Chroniques

par bertrand bolognesi

John Nelson et l'Ensemble Orchestral de Paris
Boris Berezovsky joue Chopin

Festival International de Piano de La Roque d'Anthéron / Parc du Château de Florans
- 21 juillet 2007
Boris Berezovsky joue les deux concerti de Chopin à La Roque d'Anthéron
© sylvain couzinet-jacques

C'est aux instrumentistes de l'Ensemble Orchestral de Paris et à leur chef John Nelson que le Festival International de Piano de La Roque d'Anthéron confie le soin d'inaugurer sa vingt-septième édition, par deux concerts donnés dans le parc du Château de Florans (ce soir et demain). Le premier programme encadre deux concerti par la musique de Ravel.

Preste et fluide, le Prélude du Tombeau de Couperin ouvre la fête.

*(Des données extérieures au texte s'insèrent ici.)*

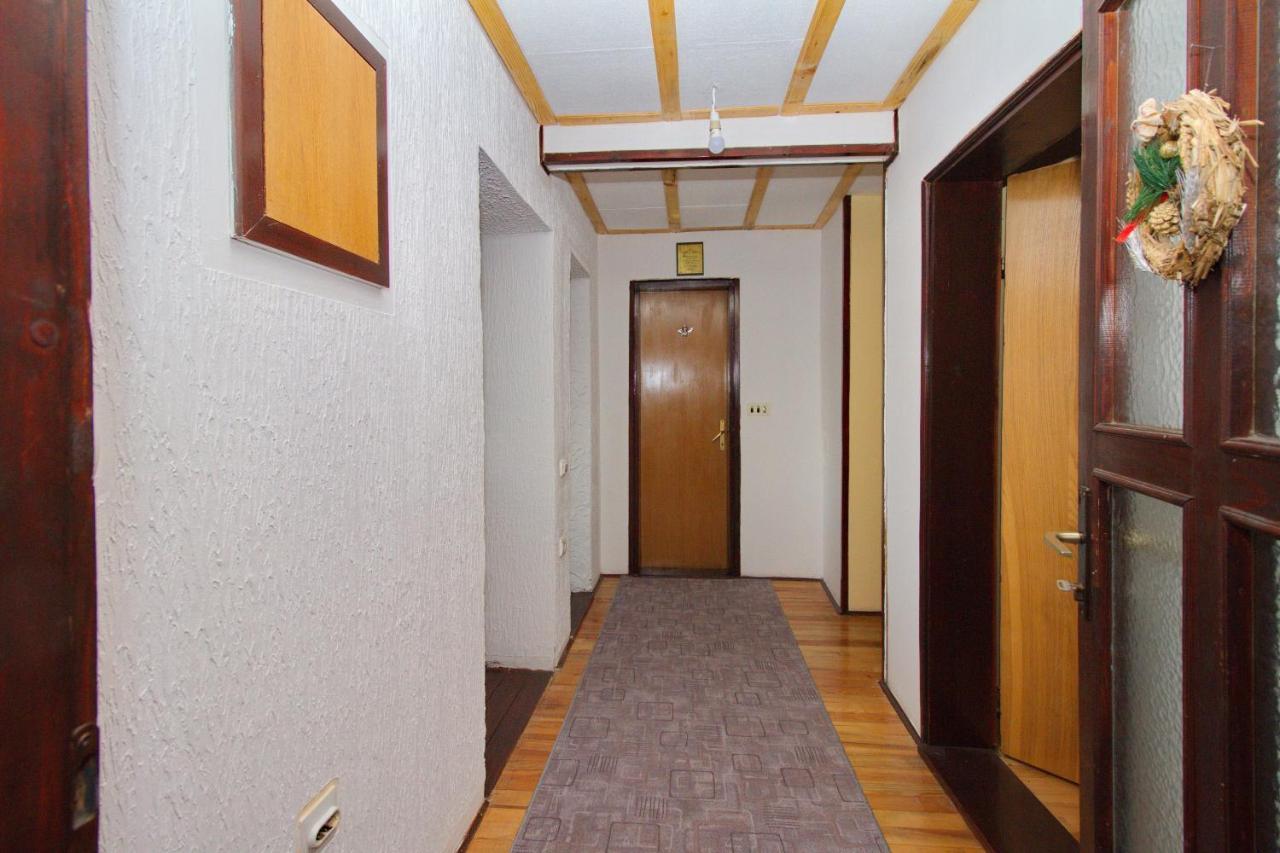 Smestaj Kod Nine I Matije Cajetina  Exterior photo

Le chef choisit une sonorité assez opulente qui n'est pas sans charme, donnant un certain relief à son interprétation. La Forlane s’y pare d’une préciosité charmante quoiqu'un rien vieillotte, tandis qu'on gèle remarquablement la Musette centrale du Menuet, achevée par un ralenti sans doute un peu trop soutenu. Dans une articulation stricte où se détache la belle couleur charnue de la clarinette, le Rigaudon conclut cet introït. En début de seconde partie, l'on retrouve Ravel et sa Pavane pour une infante défunte, relativement mal servie par des pizz' exsangues et un tempo trop lent.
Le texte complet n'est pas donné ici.